A meta agora é viabilizar a “Casa TransVest”, um abrigo para pessoas trans e travestis. “Recebemos todos os dias mensagens de diversas trans/travestis de todo canto de Minas dizendo que ouviram falar da gente, que foram expulsas de casa e que precisam de lugar. A gente precisa pra fazer esse lugar acontecer, de alcançar a nossa meta! Precisamos viabilizar que várias mulheres e homens trans expulsos de seus lares todos os dias, tenham um lugar onde se apoiarem”, explica Bruno.

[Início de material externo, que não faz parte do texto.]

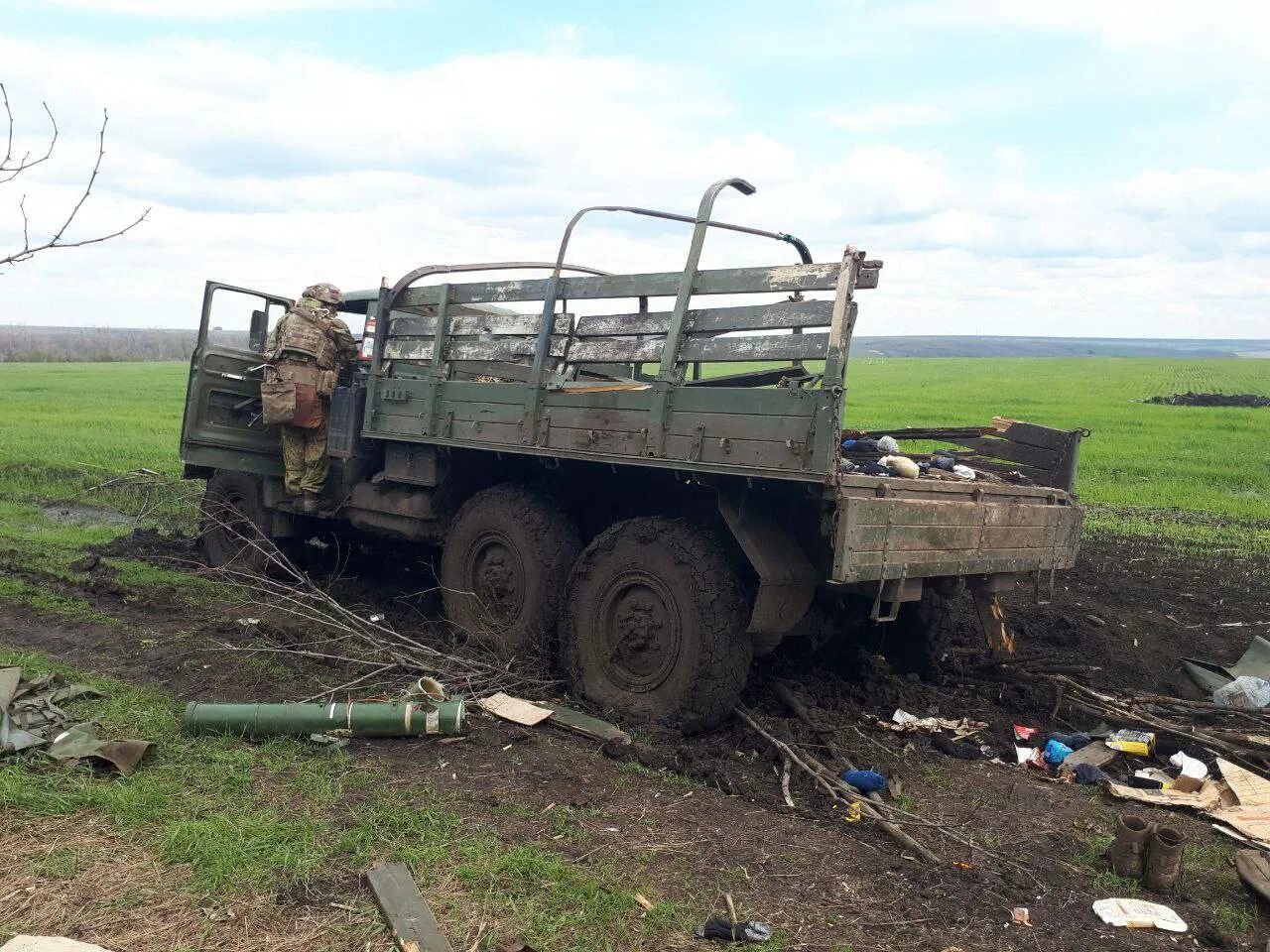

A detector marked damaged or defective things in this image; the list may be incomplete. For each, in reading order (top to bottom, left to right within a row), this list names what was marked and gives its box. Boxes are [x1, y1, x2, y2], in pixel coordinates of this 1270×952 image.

broken plank [541, 710, 629, 746]
broken plank [365, 863, 454, 949]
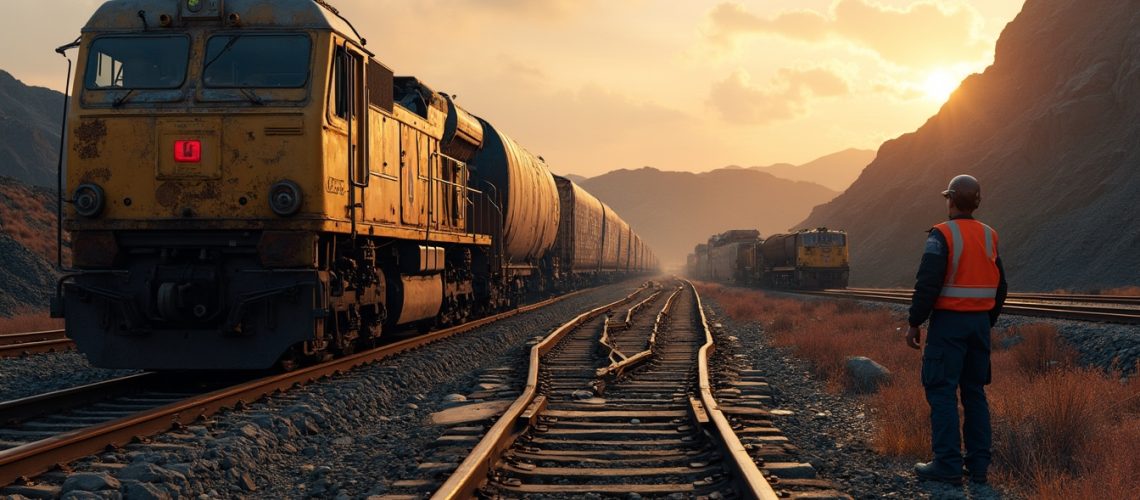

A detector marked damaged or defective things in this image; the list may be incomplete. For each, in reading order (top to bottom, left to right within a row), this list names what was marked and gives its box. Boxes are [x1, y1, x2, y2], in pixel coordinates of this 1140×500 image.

rusty locomotive body [55, 0, 661, 369]
rusty locomotive body [684, 227, 848, 288]
rusty rail [2, 288, 597, 487]
rusty rail [428, 288, 647, 498]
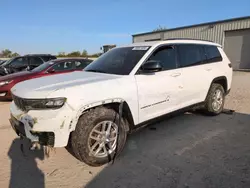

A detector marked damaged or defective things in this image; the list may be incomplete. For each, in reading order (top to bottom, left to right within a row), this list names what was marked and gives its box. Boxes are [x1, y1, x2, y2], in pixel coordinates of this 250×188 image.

detached bumper piece [10, 114, 54, 147]
damaged front bumper [9, 100, 75, 148]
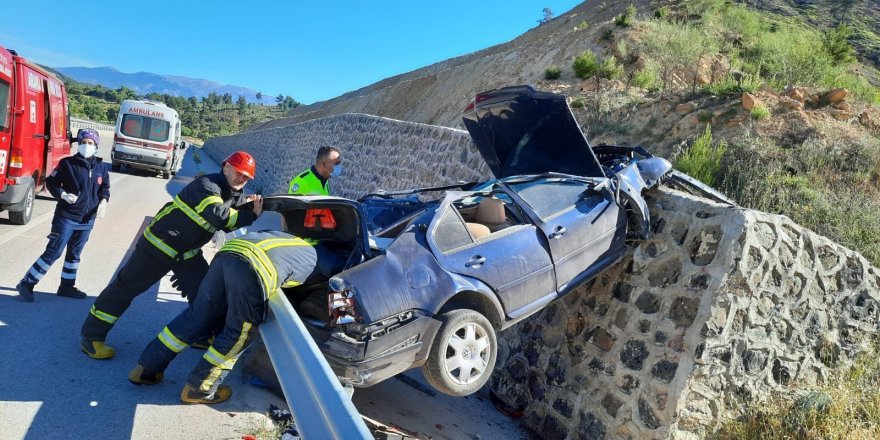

Atualmente, a TransVest conta com poucos recursos para sobreviver e manter suas atividades. Por meio do financiamento coletivo, a ONG pretende arrecadar, mensalmente, cerca de R$ 20 mil. Neste link, é possível acompanhar o montante acumulado pelas doações, que podem ser feitas por qualquer pessoa e têm o valor mínimo de R$ 10.